Use IP based CallStack in error and undefined
ClosedPublic

Authored by gridaphobe on Apr 21 2015, 12:33 PM.

Details

Summary

This patch modifies error, undefined, and assertError to use implicit call-stacks to provide better error messages to users.

There are a few knock-on effects:

  • GHC.Classes.IP is now wired-in so it can be used in the wired-in types for error and undefined.
  • TysPrim.tyVarList has been replaced with a new function TysPrim.mkTemplateTyVars. tyVarList made it easy to introduce subtle bugs when you need tyvars of different kinds. The naive
tv1 = head $ tyVarList kind1
tv2 = head $ tyVarList kind2

would result in tv1 and tv2 sharing a Unique, thus substitutions would be applied incorrectly, treating tv1 and tv2 as the same tyvar. mkTemplateTyVars avoids this pitfall by taking a list of kinds and producing a single tyvar of each kind.

  • The types GHC.SrcLoc.SrcLoc and GHC.Stack.CallStack now live in ghc-prim.
  • The type GHC.Exception.ErrorCall has a new constructor ErrorCallWithLocation that takes two Strings instead of one, the 2nd one being arbitrary metadata about the error (but usually the call-stack). A bi-directional pattern synonym ErrorCall continues to provide the old API.

Diff Detail

Repository
rGHC Glasgow Haskell Compiler
Lint
Automatic diff as part of commit; lint not applicable.
Unit
Automatic diff as part of commit; unit tests not applicable.
There are a very large number of changes, so older changes are hidden. Show Older Changes

OK I'm happy. Thanks.

hvr requested changes to this revision.Jul 10 2015, 5:40 PM
hvr added inline comments.
libraries/base/GHC/Exception.hs
181

If I'm understanding this one right, this will break existing code which relies on the single ErrorCall-field to contain only the original string that was passed as the argument to the error function. I assumed that we'd extend ErrorCall with a 2nd field to contain the CallStack as "out of band" information in order not to corrupt the original error message. Any reason we can't do that?

This revision now requires changes to proceed.Jul 10 2015, 5:40 PM
gridaphobe added inline comments.Jul 10 2015, 5:47 PM
libraries/base/GHC/Exception.hs
181

I chose this approach because I was concerned about breaking code that expected ErrorCall to have a single field.

I suppose it's easier to work around an extra field with CPP than trying to de-munge a String.

hvr added inline comments.Jul 10 2015, 6:06 PM
libraries/base/GHC/Exception.hs
181

well, especially code that expects ErrorCall to have a single field, will most likely also have assumptions about what that field contains :-)

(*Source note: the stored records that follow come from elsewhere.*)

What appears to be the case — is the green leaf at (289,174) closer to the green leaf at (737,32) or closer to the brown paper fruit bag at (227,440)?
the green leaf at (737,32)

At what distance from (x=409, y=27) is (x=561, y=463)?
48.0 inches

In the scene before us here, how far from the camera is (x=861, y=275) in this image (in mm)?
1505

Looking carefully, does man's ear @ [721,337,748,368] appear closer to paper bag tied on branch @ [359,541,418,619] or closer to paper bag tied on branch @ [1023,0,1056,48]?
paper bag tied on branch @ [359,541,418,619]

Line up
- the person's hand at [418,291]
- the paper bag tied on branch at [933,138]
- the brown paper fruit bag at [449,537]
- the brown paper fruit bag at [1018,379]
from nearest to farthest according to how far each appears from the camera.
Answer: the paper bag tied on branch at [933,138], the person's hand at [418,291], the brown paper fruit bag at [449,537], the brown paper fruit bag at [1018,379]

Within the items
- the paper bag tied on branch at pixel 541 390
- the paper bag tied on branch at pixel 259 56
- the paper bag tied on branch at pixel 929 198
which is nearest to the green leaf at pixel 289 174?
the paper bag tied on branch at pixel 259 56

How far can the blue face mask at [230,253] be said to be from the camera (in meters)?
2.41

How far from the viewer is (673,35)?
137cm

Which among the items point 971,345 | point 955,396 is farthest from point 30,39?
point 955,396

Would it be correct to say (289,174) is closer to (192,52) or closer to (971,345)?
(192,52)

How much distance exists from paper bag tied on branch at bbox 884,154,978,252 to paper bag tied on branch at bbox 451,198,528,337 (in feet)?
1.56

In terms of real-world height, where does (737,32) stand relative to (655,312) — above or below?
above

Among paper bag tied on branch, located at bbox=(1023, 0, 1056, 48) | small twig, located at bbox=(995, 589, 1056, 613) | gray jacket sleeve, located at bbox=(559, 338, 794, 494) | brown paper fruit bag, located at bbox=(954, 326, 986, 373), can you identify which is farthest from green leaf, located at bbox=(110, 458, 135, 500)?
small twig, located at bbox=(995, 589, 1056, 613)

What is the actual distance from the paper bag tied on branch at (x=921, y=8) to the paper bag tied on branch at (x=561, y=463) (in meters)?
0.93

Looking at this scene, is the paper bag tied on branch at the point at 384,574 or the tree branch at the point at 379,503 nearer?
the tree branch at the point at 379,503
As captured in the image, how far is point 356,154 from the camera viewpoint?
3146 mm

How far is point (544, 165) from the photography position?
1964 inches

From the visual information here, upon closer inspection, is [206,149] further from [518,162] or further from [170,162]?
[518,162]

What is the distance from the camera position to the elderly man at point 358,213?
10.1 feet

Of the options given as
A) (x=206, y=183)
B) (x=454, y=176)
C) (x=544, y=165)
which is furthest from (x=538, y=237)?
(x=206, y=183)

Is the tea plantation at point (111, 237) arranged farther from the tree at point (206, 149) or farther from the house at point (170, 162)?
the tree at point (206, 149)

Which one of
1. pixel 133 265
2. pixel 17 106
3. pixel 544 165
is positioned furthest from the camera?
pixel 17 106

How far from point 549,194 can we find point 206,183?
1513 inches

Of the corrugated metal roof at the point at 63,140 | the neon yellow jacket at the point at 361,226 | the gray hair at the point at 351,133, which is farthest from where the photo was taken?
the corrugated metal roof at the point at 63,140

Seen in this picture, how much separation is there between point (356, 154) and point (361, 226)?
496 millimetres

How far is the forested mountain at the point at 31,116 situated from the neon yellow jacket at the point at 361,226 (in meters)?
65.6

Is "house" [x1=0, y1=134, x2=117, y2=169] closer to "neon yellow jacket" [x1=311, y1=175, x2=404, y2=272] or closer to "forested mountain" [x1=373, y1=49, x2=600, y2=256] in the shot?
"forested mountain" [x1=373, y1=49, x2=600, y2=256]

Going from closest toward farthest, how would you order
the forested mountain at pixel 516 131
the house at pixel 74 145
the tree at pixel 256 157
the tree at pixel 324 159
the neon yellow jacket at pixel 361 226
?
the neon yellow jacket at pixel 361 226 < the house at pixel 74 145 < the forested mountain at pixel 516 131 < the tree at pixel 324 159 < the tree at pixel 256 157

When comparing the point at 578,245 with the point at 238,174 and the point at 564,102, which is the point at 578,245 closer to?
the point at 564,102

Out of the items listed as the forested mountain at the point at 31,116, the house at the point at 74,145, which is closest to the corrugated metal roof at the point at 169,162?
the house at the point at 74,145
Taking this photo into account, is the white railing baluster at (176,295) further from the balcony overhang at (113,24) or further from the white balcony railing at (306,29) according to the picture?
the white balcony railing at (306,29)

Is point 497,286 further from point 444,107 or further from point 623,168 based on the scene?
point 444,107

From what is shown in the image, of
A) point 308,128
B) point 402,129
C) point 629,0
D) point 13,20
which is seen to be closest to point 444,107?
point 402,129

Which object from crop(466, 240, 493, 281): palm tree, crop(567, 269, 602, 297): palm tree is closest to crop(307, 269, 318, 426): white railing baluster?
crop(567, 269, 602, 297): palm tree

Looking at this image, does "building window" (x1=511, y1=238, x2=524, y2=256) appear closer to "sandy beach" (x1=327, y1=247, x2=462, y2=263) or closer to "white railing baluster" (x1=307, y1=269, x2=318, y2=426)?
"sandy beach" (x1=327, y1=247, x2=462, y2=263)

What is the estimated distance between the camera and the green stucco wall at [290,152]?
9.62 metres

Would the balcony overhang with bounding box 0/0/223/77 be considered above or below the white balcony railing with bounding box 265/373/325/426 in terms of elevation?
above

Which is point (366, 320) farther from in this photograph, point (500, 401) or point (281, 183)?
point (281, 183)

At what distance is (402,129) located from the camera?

gridaphobe added inline comments.Jul 10 2015, 6:42 PM
libraries/base/GHC/Exception.hs
181

Fair point, though I'll note that errorWithStackTrace is already munging the stack trace into the error message :)

Sticking with errorWithStackTrace for a moment, it would have to convert the CostCentreStack into a CallStack if we add the extra field to ErrorCall, but a CostCentre doesn't have a "file" field, so using the same formatter for CostCentreStacks and CallStacks will produce poor messages.

Perhaps https://ghc.haskell.org/trac/ghc/ticket/10068 would be a better place to change ErrorCall?

What is the status of the haddock changes that this seems to require?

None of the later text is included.